What to produce ▸ If pictures appear in the lines below, skip them and copy exactly the lines from the one containing "KoRo - Sweet" through the one containing "skull facing forward", and nothing else.

[[ Provided material, beginning ]]

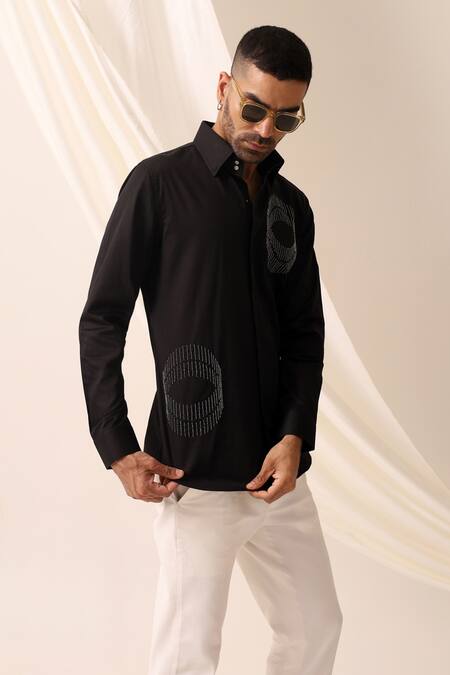 Shop Seven Black Cotton Beads Diffused Embroidered Shirt Online at Aza Fashions Shop_Seven_Black Cotton Beads Diffused Embroidered Shirt_Online_at_Aza_Fashions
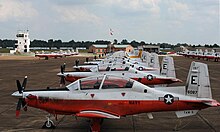 US Navy T-6B Texan IIs based at NAS Whiting Field T6 Texan II Pensacola Navy.jpg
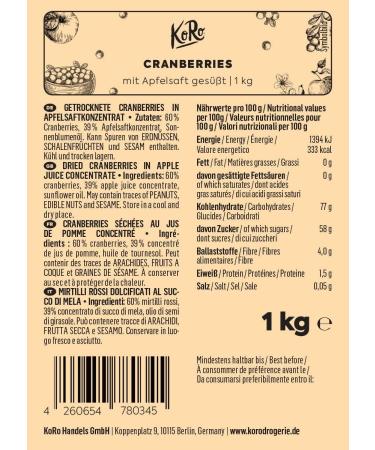 KoRo - Sweet cranberries with apple juice 1 kg - Natural and unsulphurized dried fruits without artificial additives - Buy Online on GoSupps.com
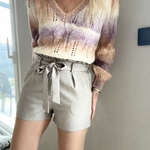short taille haute taupe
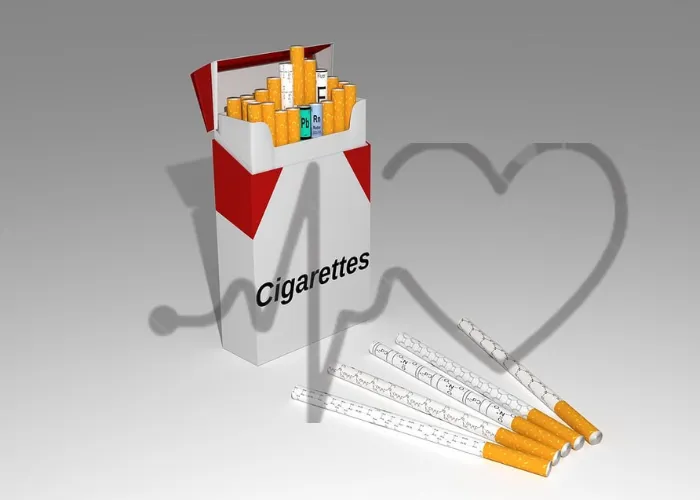 Cigarette pack with harmful chemical names replacing cigarettes.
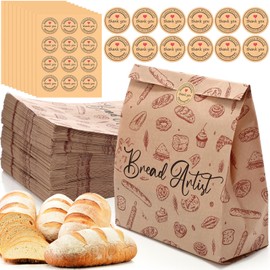 Weekgrat 100 Pcs Kraft Paper Bread Bags for Homemade Bread 13.8 x 9.5 Inch Sourdough Bread Bags Large Paper Bakery Bags for Bread Loaves Homemade Bread Storage Bags with 120 Sealing Stickers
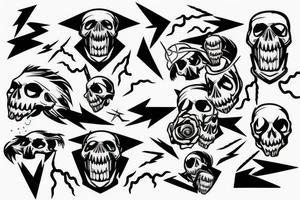 skull facing forward with lightning bolt in mouth tattoo idea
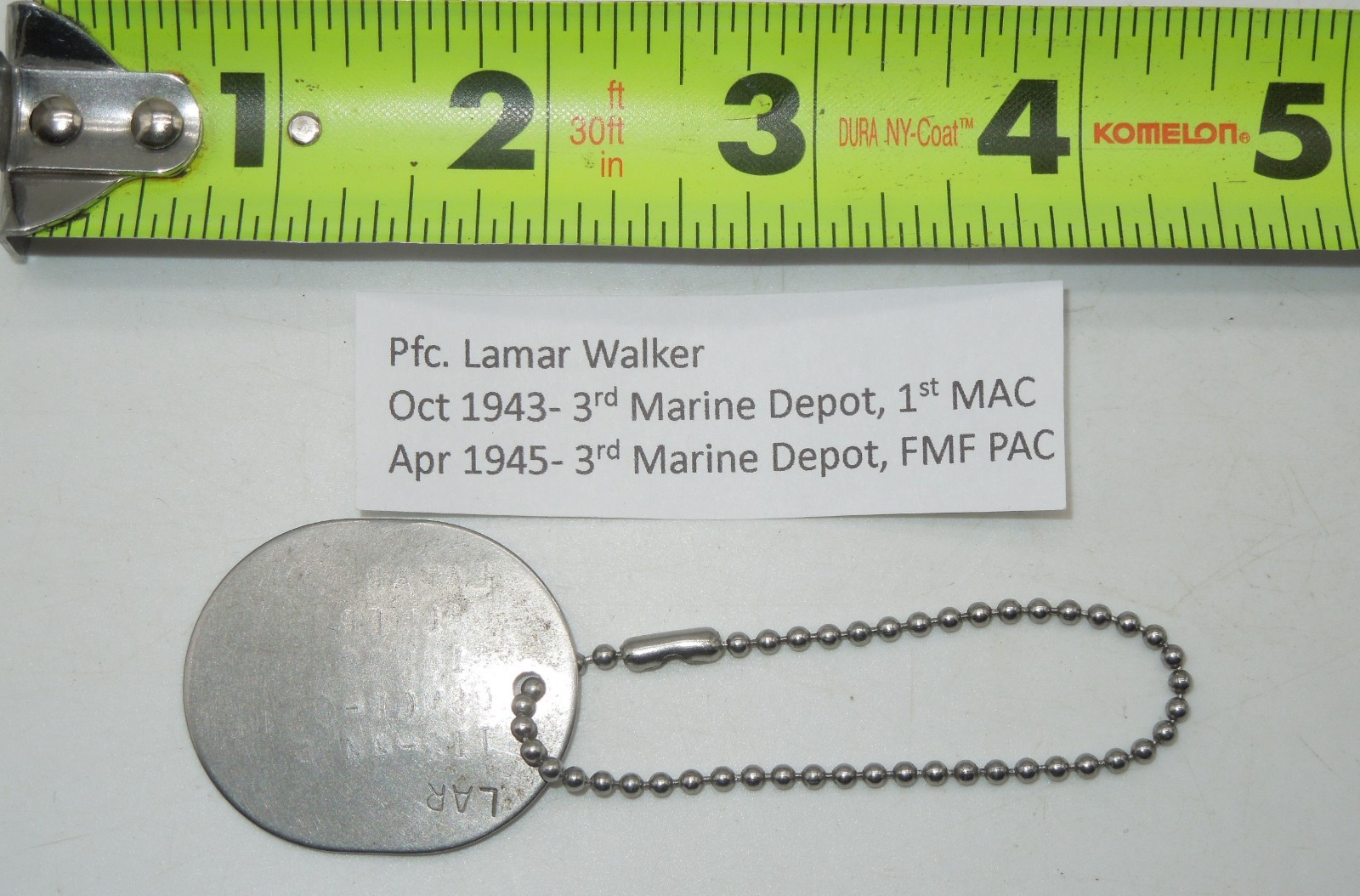 Orig WWII USMC Walker Marine Depot 1 MAC FMF PAC Dog Tag 1944 DTB2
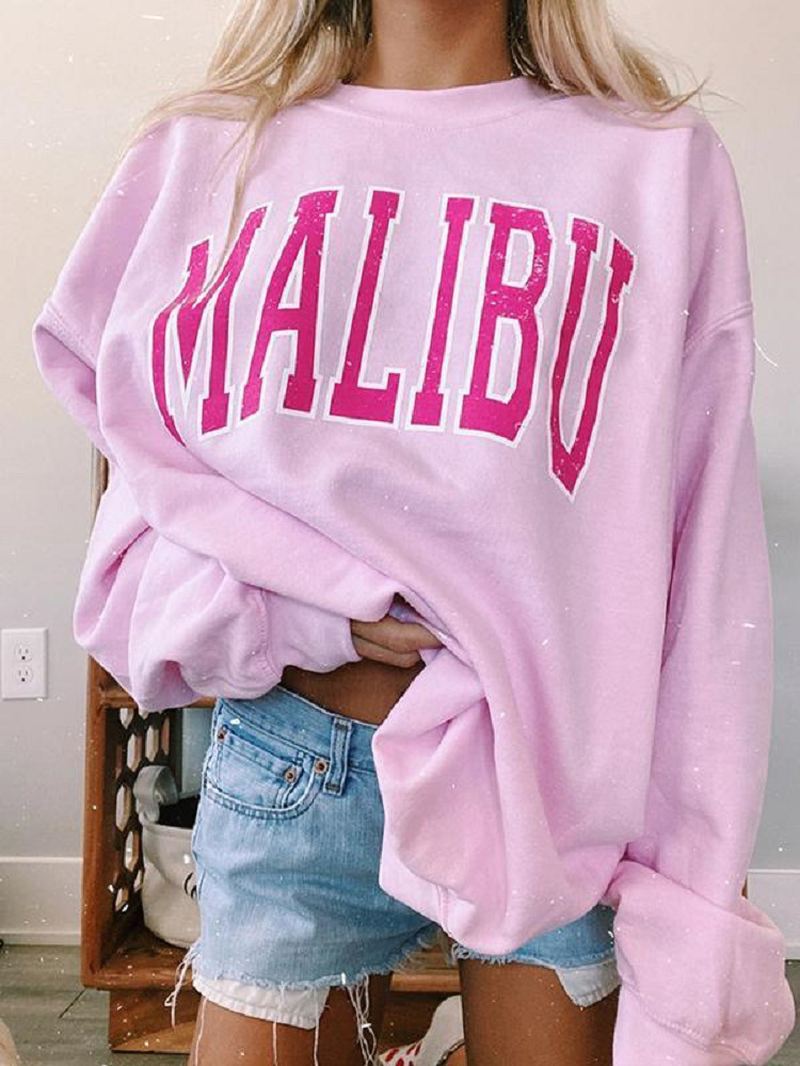 Kvinder Letter Med Tryk Pink Pullover Sweatshirts Med Rund Hals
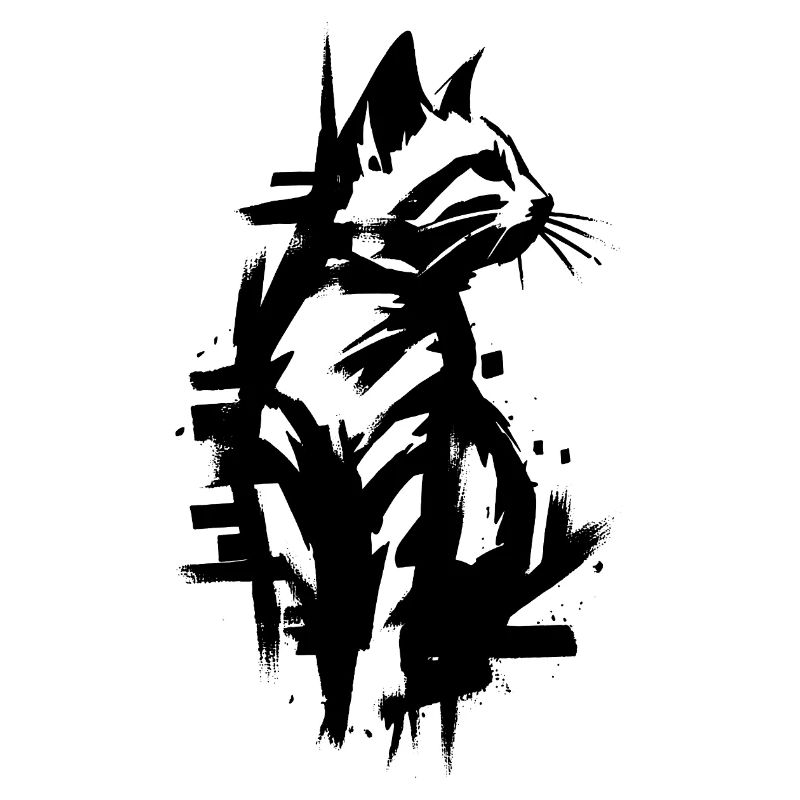Cat Black Graffiti Design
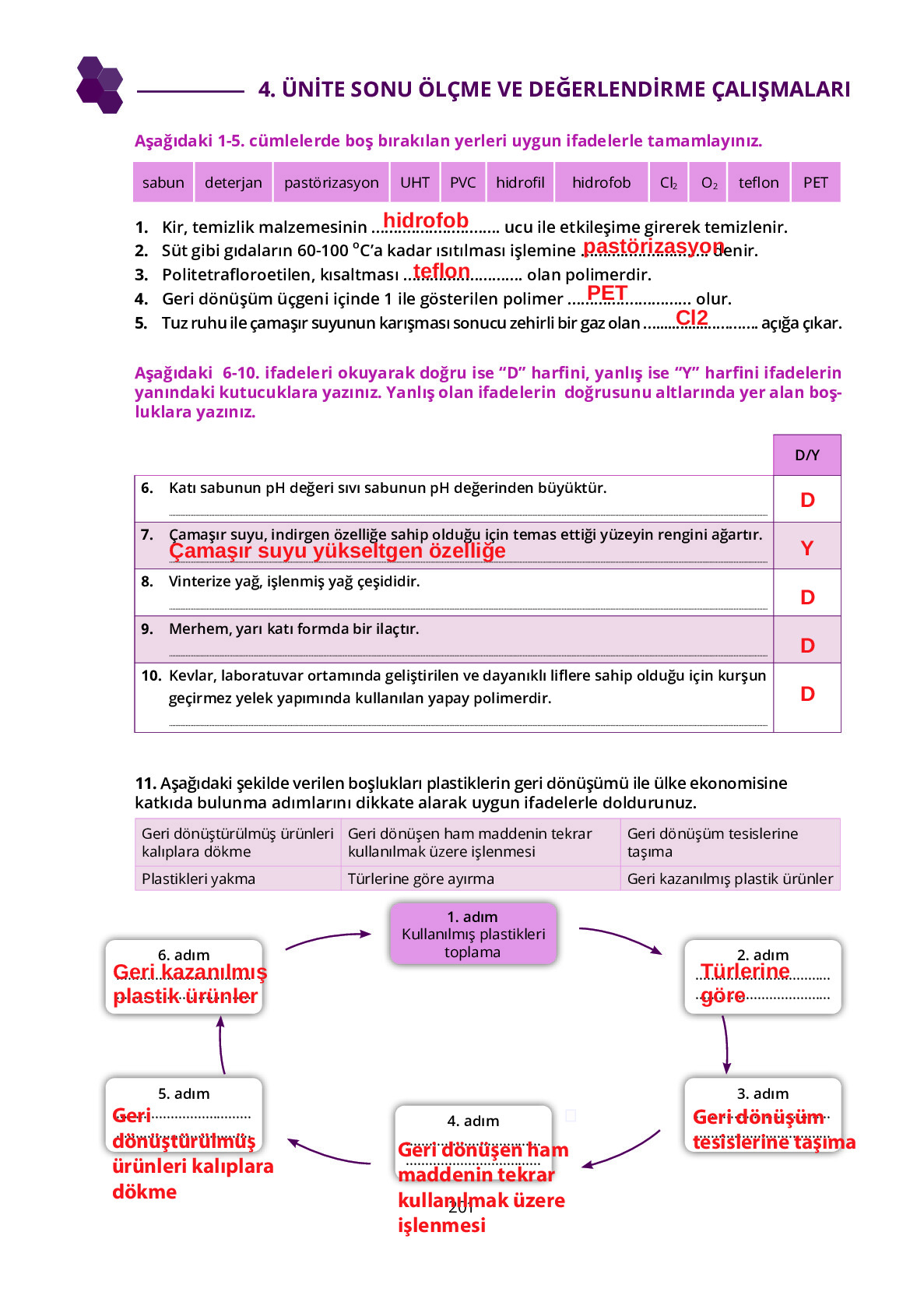 10. Sınıf Meb Yayınları Fen Lisesi Kimya Ders Kitabı Sayfa 201 Cevapları 10. Sınıf Meb Yayınları Fen Lisesi Kimya Ders Kitabı Sayfa 201 Cevapları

[[ Provided material, end ]]

Output of the exercise ▸
 KoRo - Sweet cranberries with apple juice 1 kg - Natural and unsulphurized dried fruits without artificial additives - Buy Online on GoSupps.com
short taille haute taupe
 Cigarette pack with harmful chemical names replacing cigarettes.
 Weekgrat 100 Pcs Kraft Paper Bread Bags for Homemade Bread 13.8 x 9.5 Inch Sourdough Bread Bags Large Paper Bakery Bags for Bread Loaves Homemade Bread Storage Bags with 120 Sealing Stickers
 skull facing forward with lightning bolt in mouth tattoo idea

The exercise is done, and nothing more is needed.